### Assignment
The answer must be an exact reprint of the lines from the one with "Rare VTG 80s" through the final line of the data, with no pictures included.

--- The data Enclosed Below ---

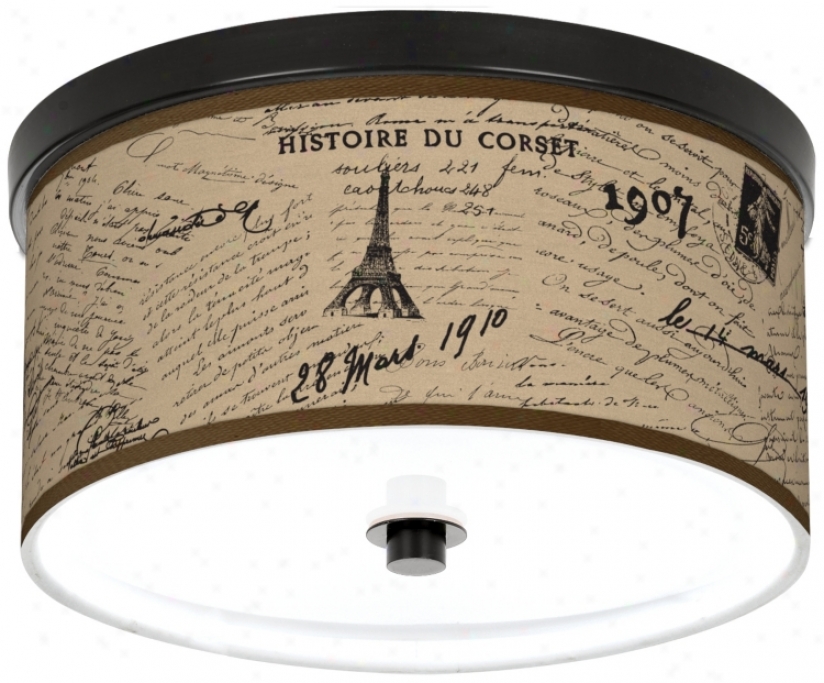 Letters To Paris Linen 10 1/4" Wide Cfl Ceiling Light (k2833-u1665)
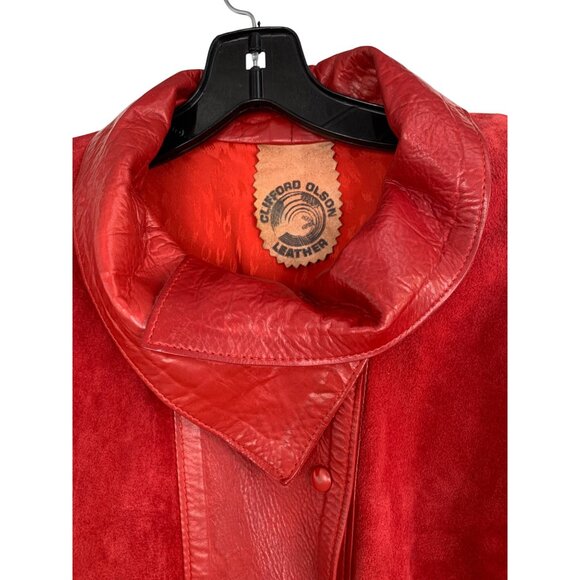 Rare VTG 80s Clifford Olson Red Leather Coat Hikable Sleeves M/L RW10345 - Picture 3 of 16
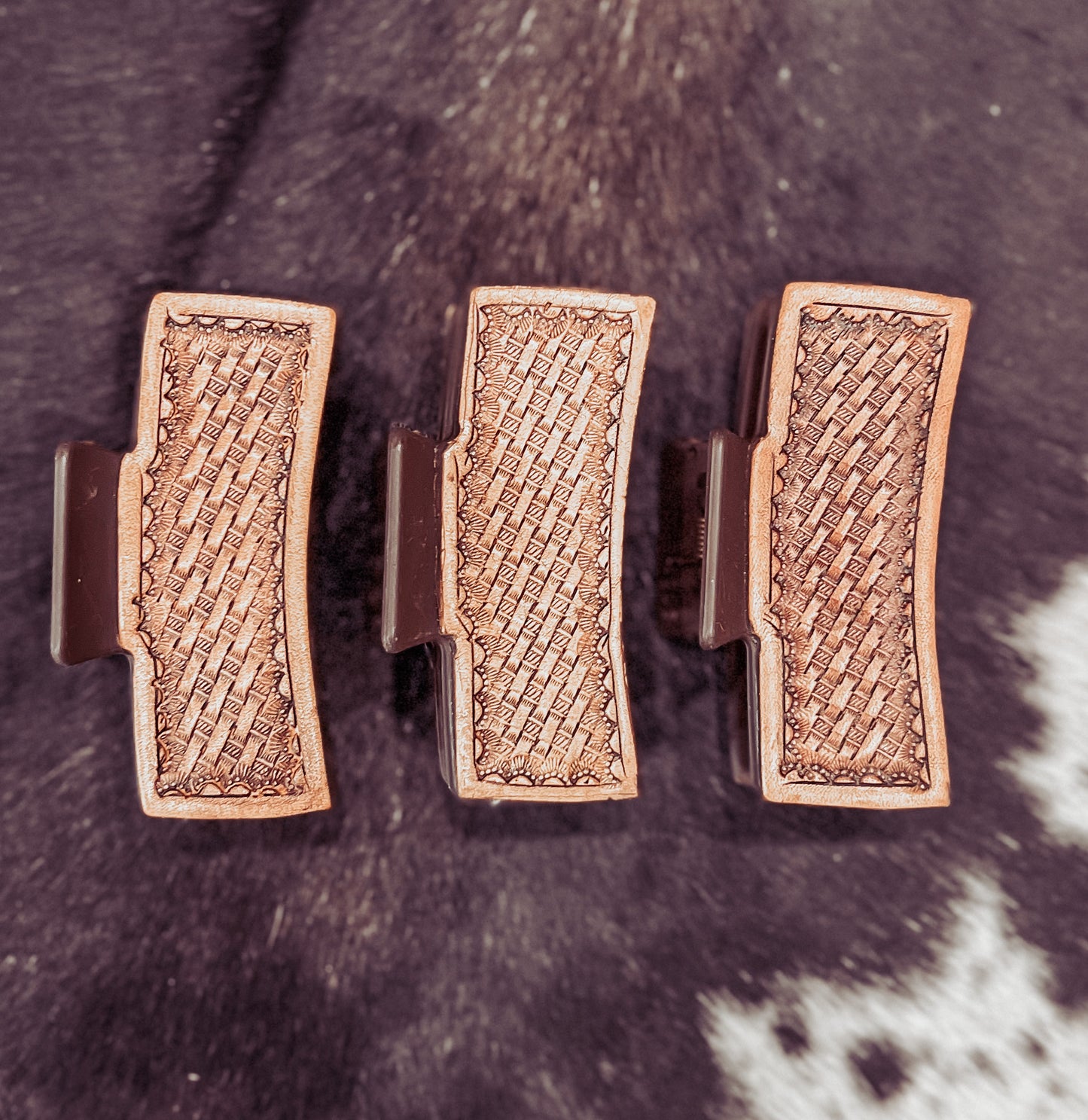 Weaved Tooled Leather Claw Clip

--- End of Enclosed The data ---

### Solved problem
 Rare VTG 80s Clifford Olson Red Leather Coat Hikable Sleeves M/L RW10345 - Picture 3 of 16
 Weaved Tooled Leather Claw Clip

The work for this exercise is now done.